The threat we face is not some exotic cyberweapon, but the bane of IT departments everywhere: phishing and malicious email attachments. Effective countermeasures against both these types of attacks exist. But too few people know about them, and no one is showing working campaigns how to use them.
The best protection against phishing is a device called a security key, a small plastic tab that resembles a thumb drive. The key can’t be tricked by impostor websites the way the human eye can, and there’s no way an attacker can log in to a protected website without it, even if they learn your password. Google embraced the technology after its own engineers became the target of state-sponsored attacks, and it’s extremely effective. The keys cost less than $20.
But I have yet to meet a campaign that uses security keys. I carry a sack of them, like Johnny Appleseed, and ask staffers to put one on their keychain in hopes that others will ask about them.
The best countermeasure against malicious attachments is to avoid using attachments at all, and share links to cloud-hosted documents instead. Like all abstinence advice, though, this is easier to give than to follow. Two weeks ago, after a hacking scare, the DCCC sent an urgent email to all campaigns titled “Reminder About Cybersecurity.” That email included three attachments, one of them advising not to send or open email attachments. This is the digital equivalent of getting a ticking package from the FBI to warn you about the danger of letter bombs.
The DCCC is not alone in its attachment addiction. All the campaign security training I’ve seen, from any source, has been delivered via email attachment.
Since attachments are unavoidable, campaigns have to learn to open them safely by uploading them to a cloud service like Microsoft OneDrive or Google Drive. Viewing files on those services is like performing a dangerous experiment behind bulletproof glass — the user still has a chance to see the results, but if something blows up, it can no longer hurt them.
Setting campaigns up with security keys and training them on safe attachment handling are the most effective steps we can take to prevent a repeat of the Podesta attacks. Those in the best position to help in the weeks before the elections may be the big tech companies, which have the necessary resources and are used to acting quickly.

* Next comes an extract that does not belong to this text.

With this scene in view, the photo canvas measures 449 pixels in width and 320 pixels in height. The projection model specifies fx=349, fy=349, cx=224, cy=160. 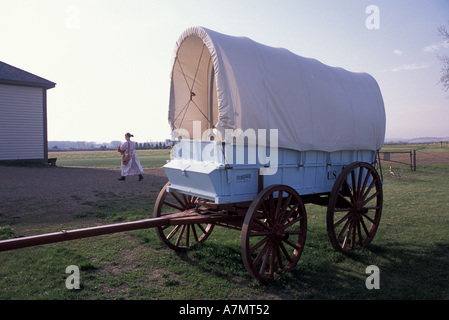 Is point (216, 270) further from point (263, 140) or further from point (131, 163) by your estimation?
point (131, 163)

Someone — the government, the political establishment, Silicon Valley — needs to send trainers to campaigns in person. Firms like Google and Microsoft should also set up a dedicated phone support line that can resolve issues quickly. Knowing that such help is available will make it easier for campaigns to adopt new habits.
Google, which runs much of the nation’s email infrastructure, can take unilateral measures to protect candidates and their staff. In particular, it should set up a list of accounts that need heightened scrutiny and converts all incoming email attachments to Google docs, and let campaigns submit names of staffers for the extra protection.
Microsoft could help by expeditiously adding support for security keys in Outlook and its cloud document service. This feature is already scheduled to roll out next year, but making it available to campaigns today would make any political organizations that rely on Microsoft services significantly safer.
Taken together, these efforts could shore up every House, Senate and gubernatorial campaign in the country in a matter of weeks. The total cost of such a program would be in the hundreds of thousands of dollars — negligible compared to the sums already pouring in to political campaigns. The situation is an emergency, but it need not become another disaster.
The 2018 midterms will decide many things — the political direction of the country, who oversees the 2020 Census, perhaps even the fate of the presidency. Protecting the integrity of those elections protects our democracy. It needs to be our top priority.